Your goal –
Exactly the line that contains "with Wood Frame" and the lines following it to the end of the data are to be reproduced, and nothing more.

::::::

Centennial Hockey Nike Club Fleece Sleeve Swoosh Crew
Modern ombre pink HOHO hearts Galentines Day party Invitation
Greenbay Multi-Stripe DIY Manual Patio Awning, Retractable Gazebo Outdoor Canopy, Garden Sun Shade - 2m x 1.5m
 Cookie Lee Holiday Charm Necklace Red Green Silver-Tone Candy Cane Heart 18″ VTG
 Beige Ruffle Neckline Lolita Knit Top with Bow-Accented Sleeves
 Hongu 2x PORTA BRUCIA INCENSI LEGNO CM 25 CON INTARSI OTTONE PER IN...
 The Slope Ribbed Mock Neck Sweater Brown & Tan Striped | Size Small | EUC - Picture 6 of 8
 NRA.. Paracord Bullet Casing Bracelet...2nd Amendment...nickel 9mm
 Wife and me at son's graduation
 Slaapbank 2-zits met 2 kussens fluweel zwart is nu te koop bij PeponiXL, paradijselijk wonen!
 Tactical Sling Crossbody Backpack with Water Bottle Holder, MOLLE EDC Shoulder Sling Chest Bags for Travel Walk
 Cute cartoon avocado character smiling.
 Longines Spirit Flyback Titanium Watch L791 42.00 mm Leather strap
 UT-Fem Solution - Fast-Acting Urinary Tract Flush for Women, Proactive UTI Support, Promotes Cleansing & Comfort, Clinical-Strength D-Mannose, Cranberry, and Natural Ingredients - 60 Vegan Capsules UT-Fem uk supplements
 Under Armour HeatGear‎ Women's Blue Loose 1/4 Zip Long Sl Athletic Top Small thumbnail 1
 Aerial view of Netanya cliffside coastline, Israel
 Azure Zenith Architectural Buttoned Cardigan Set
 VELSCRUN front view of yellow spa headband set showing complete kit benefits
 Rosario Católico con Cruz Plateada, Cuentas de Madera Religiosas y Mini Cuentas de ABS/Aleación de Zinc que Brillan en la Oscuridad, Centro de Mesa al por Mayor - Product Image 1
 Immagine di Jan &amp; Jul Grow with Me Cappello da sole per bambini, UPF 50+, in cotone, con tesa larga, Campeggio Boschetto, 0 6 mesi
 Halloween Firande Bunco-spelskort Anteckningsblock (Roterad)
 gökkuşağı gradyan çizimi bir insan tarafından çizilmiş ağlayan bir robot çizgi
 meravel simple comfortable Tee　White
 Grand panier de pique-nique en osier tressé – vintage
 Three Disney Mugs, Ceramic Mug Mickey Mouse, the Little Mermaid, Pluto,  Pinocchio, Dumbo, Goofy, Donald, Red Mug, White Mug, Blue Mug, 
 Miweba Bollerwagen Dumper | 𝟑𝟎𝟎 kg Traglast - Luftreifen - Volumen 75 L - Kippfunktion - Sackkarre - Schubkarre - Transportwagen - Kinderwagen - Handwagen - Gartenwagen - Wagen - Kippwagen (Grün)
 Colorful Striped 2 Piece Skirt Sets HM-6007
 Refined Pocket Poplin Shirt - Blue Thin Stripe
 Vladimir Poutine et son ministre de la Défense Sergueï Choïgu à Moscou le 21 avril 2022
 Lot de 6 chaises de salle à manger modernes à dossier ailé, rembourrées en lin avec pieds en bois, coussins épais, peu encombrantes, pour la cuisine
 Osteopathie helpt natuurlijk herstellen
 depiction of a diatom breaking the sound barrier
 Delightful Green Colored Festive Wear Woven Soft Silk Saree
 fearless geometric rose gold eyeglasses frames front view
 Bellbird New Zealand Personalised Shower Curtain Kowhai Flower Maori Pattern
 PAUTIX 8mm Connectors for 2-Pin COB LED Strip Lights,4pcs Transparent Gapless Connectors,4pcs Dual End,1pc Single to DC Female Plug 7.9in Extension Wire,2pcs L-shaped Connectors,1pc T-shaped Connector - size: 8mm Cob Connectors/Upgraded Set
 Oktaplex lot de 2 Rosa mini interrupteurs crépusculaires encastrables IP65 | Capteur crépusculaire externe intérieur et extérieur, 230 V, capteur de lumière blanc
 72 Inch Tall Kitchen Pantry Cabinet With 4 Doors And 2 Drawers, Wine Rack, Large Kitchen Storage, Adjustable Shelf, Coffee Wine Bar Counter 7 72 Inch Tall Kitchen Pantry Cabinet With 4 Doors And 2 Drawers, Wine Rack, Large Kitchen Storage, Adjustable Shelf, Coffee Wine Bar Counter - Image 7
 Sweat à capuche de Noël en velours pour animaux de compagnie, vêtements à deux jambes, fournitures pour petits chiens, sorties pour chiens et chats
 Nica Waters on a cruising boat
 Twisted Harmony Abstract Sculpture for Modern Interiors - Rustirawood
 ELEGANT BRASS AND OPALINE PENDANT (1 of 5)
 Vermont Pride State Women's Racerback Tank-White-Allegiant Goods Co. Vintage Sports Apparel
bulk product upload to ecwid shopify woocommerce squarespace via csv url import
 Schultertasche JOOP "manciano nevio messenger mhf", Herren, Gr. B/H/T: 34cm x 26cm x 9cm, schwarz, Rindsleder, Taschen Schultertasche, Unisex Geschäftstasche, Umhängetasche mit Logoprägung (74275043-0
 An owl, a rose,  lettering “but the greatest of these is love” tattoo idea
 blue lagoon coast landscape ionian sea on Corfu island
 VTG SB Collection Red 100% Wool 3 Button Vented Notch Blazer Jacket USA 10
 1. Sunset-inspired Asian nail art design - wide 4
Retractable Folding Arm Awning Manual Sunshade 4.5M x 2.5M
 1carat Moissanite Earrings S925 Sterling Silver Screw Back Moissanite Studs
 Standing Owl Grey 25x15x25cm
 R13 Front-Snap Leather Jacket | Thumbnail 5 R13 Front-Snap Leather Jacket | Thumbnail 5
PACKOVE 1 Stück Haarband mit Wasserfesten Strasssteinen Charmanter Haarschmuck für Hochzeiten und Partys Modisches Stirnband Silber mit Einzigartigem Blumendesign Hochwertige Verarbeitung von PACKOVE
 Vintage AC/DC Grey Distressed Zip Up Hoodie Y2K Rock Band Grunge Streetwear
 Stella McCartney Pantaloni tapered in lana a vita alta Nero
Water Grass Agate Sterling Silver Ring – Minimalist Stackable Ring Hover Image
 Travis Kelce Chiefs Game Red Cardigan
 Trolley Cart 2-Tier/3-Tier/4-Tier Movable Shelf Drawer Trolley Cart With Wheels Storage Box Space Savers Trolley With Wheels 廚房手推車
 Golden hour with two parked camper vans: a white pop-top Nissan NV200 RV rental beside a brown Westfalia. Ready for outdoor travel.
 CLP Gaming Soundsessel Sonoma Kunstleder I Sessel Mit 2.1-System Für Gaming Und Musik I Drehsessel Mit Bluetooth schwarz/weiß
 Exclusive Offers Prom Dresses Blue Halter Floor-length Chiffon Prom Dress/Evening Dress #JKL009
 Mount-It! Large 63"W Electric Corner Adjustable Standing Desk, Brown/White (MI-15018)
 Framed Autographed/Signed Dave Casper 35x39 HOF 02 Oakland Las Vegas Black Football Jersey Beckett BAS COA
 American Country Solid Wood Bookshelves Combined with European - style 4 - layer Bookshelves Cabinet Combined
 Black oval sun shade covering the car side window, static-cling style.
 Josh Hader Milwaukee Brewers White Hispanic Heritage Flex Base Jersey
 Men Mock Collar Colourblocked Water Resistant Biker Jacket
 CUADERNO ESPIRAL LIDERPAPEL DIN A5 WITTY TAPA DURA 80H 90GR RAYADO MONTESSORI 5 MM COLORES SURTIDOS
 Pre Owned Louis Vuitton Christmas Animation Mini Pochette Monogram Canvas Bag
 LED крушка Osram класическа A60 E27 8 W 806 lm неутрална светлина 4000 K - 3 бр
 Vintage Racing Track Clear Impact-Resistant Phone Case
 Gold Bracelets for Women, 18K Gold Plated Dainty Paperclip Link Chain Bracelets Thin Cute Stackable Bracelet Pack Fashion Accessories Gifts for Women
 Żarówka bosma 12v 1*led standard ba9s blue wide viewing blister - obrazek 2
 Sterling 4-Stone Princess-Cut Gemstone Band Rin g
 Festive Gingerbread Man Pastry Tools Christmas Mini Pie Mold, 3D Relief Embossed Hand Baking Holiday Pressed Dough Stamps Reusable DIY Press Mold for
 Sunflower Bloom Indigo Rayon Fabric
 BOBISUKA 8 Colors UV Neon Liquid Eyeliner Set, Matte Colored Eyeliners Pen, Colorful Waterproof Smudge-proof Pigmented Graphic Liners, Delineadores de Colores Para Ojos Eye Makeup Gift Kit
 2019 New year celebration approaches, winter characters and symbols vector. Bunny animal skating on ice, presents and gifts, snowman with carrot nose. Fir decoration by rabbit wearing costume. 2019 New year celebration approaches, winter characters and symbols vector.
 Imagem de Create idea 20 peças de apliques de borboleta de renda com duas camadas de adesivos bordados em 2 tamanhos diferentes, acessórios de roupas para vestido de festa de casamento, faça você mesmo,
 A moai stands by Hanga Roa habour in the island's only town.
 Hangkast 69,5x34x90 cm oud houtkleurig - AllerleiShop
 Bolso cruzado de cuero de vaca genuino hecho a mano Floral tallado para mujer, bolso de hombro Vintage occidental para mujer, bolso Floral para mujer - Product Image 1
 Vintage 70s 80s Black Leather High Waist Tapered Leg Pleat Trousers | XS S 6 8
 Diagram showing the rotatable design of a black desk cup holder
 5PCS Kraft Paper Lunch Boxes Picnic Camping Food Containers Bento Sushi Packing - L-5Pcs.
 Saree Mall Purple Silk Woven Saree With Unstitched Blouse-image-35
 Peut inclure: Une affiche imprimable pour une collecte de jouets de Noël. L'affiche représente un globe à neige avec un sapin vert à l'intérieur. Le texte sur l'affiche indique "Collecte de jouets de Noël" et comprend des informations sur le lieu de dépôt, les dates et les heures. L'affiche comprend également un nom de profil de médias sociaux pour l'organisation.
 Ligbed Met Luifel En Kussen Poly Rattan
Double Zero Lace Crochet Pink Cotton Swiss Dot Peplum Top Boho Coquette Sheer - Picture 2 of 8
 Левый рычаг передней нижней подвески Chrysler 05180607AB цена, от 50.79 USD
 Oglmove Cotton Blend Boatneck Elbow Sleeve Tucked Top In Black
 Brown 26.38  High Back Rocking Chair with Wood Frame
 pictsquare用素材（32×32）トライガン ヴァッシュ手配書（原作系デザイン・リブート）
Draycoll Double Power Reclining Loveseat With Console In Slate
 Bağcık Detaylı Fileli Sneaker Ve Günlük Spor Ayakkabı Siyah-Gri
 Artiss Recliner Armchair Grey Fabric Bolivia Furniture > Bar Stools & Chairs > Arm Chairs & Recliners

::::::

Finished task –
 Brown 26.38  High Back Rocking Chair with Wood Frame
 pictsquare用素材（32×32）トライガン ヴァッシュ手配書（原作系デザイン・リブート）
Draycoll Double Power Reclining Loveseat With Console In Slate
 Bağcık Detaylı Fileli Sneaker Ve Günlük Spor Ayakkabı Siyah-Gri
 Artiss Recliner Armchair Grey Fabric Bolivia Furniture > Bar Stools & Chairs > Arm Chairs & Recliners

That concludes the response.